The brain processes these cues astonishingly fast. Professor Silke Paulmann, executive dean of the Faculty of Science and Health at the University of Essex, says: “When we hear someone speak, our brain starts evaluating voice cues within an eyeblink, or 200 milliseconds. Before we’ve fully processed the words or meaning, the brain has already started analysis. Within an eyeblink, we can hear if someone is warm or cold, calm or stressed, positive or negative.”
This ability is the product of millions of years of evolution. The process of speaking and listening – one of the key transitions from ape to Homo sapiens – required vocal structures, ears and brains to develop in tandem. Our ancestors began to understand the difference between vowel sounds about 27 million years ago. The hyoid bone in the throat, crucial to more sophisticated vocalisations, appeared about half a million years ago (with a human-like hyoid bone emerging around 700,000 years ago, according to additional research). The descent of the larynx in humans compared to other primates contributed to a wider range and clarity of sound. Interestingly, human vocal folds have simplified compared to other primates, which may have led to greater vocal stability and control. Meanwhile, the auricular muscles that allow ears to move – still seen in cats and dogs – remain as vestigial structures in humans; we lost the ability to swivel our ears about 25 million years ago.

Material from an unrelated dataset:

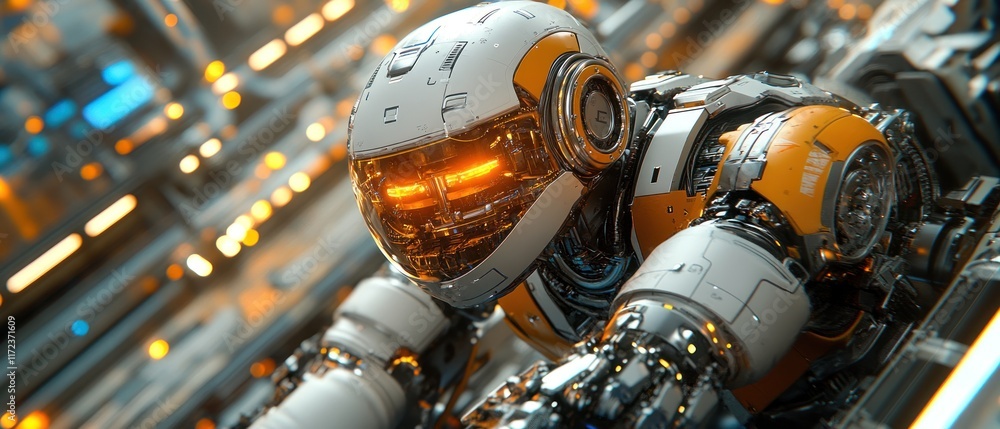 Poster futuristic robot with glowing eyes in a high-tech environment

Recent research suggests these muscles still activate when we strain to listen in noisy environments, potentially serving as an objective measure of listening effort.
The challenges of lie detection
Despite this sophisticated machinery, spotting a liar remains notoriously difficult. “There is no single verbal cue that ‘gives away’ lying in a strong or reliable way,” says Giorgianni. “Common beliefs about nonverbal indicators of deception are frequently inaccurate and a clear, reliable ‘Pinocchio’s nose’ simply does not exist.” The clues we have been taught to expect – talking faster, voice rising – appear in some people but not others, and they are also indicators of stress, which can occur without lying.

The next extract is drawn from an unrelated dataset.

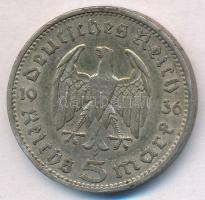 Német Harmadik Birodalom 1936A 5M Ag "Hindenburg" T:2 German Third Reich 1936A 5 Mark Ag &...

Harriet Tyce, a novelist and recent contestant on the reality show The Traitors, understands this difficulty well. “What’s most surprising about the difficulties of spotting a liar on The Traitors is that one goes into it knowing that everyone could be – and in fact pretty much is – lying about something, which means that it should in theory be almost impossible not to spot it,” she says. “But I think we are hardwired as humans to trust, and trying to override that instinct is nearly impossible.”
Technology promises to help. Several companies offer AI-driven analysis that tracks voice, facial muscle movements, eye tracking and brain activity. Some systems claim laboratory accuracies of 75-79%, but Dr Frederika Holmes, a consultant specialising in the forensic analysis of speech and language samples who frequently acts as an expert witness, warns that voices are not like DNA. “Voices aren’t like DNA, which doesn’t change over the course of your life and can be directly compared from one sample to the next,” she says. “Voices are plastic and they change depending on circumstances, so we can’t say with absolute certainty. We assess the points of similarity and difference and reach a conclusion regarding the strength of the evidence.” A 75% accuracy rate means a one-in-four error rate, with severe consequences in real-world applications, and the technology can be biased by training data or misinterpret stress as deception.
Ultimately, if you listen closely enough to a voice, it will tell you some of its secrets. But it still won’t tell you everything.